Requirement → Your task is to restate the listing word for word without the pictures.

START Recorded data

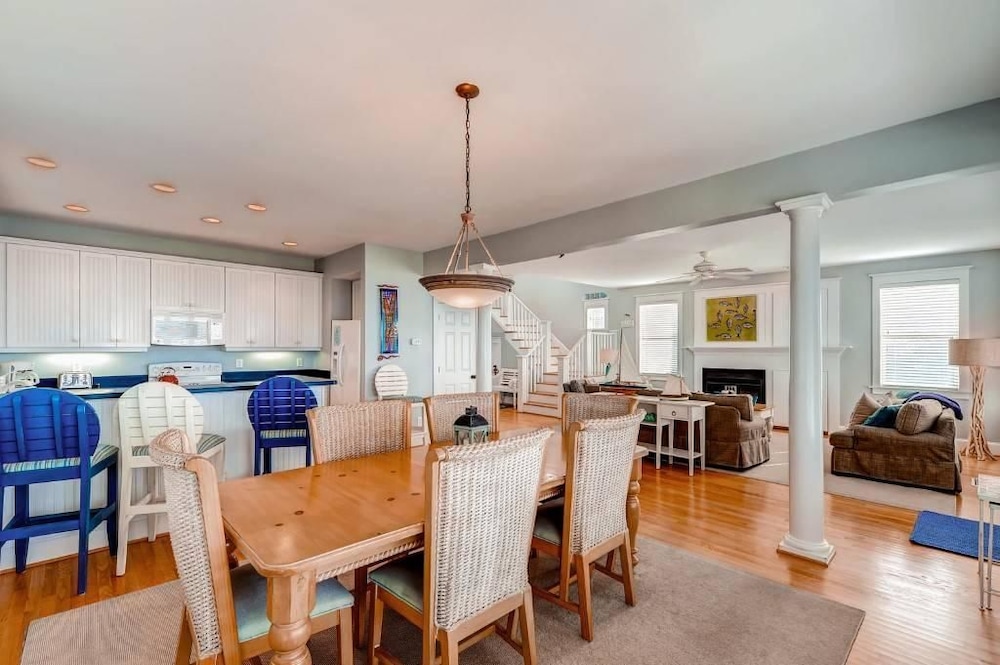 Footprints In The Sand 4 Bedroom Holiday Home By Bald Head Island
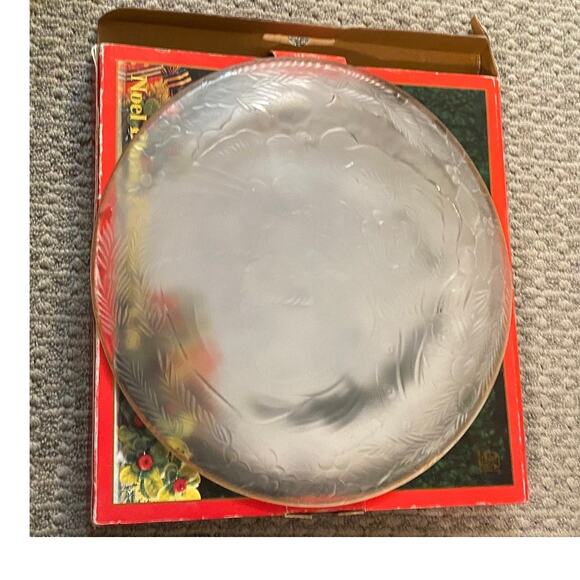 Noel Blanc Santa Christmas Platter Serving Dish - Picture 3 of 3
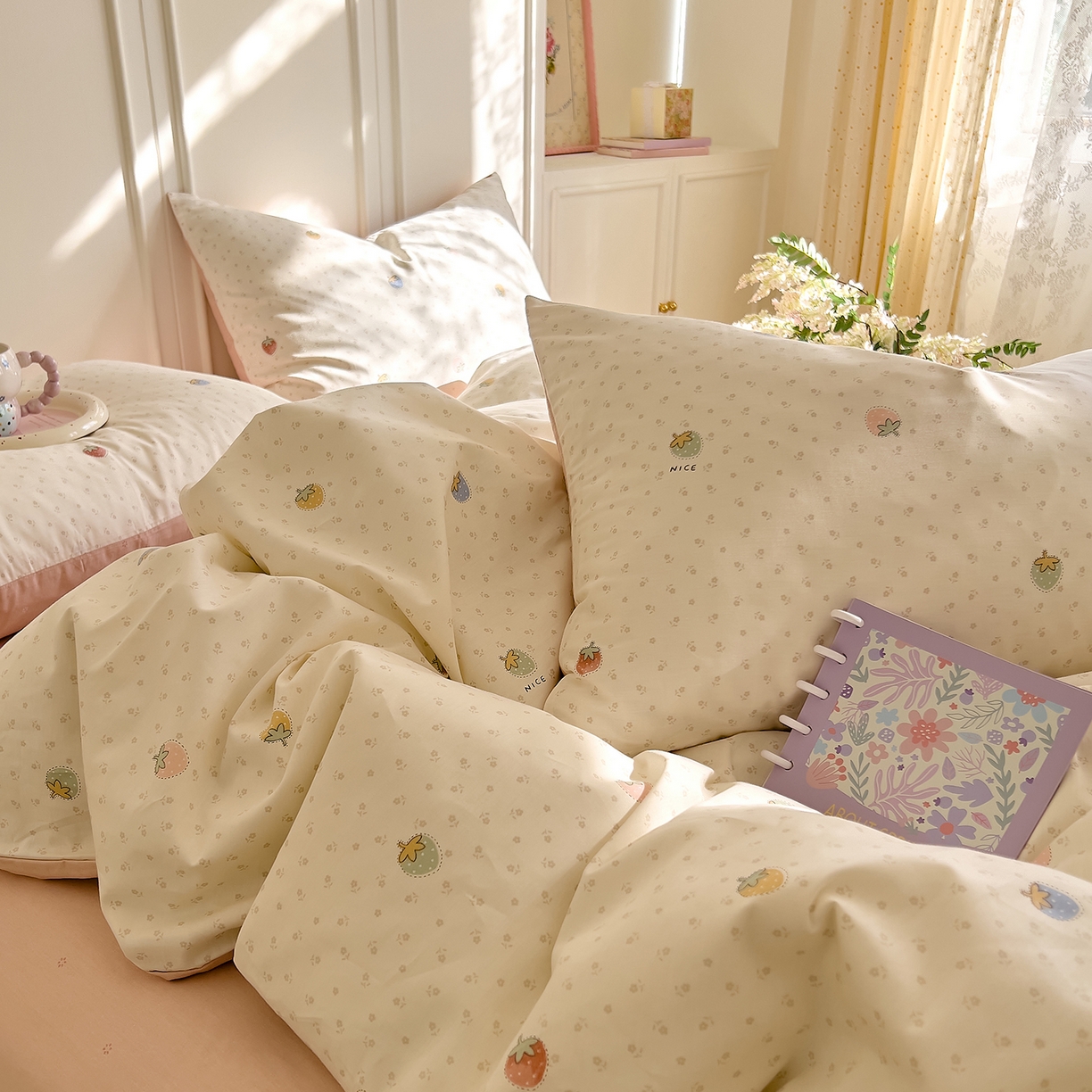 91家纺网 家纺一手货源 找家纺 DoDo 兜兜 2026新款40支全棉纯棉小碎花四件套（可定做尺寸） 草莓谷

END Recorded data

Solution →
 Footprints In The Sand 4 Bedroom Holiday Home By Bald Head Island
 Noel Blanc Santa Christmas Platter Serving Dish - Picture 3 of 3
 91家纺网 家纺一手货源 找家纺 DoDo 兜兜 2026新款40支全棉纯棉小碎花四件套（可定做尺寸） 草莓谷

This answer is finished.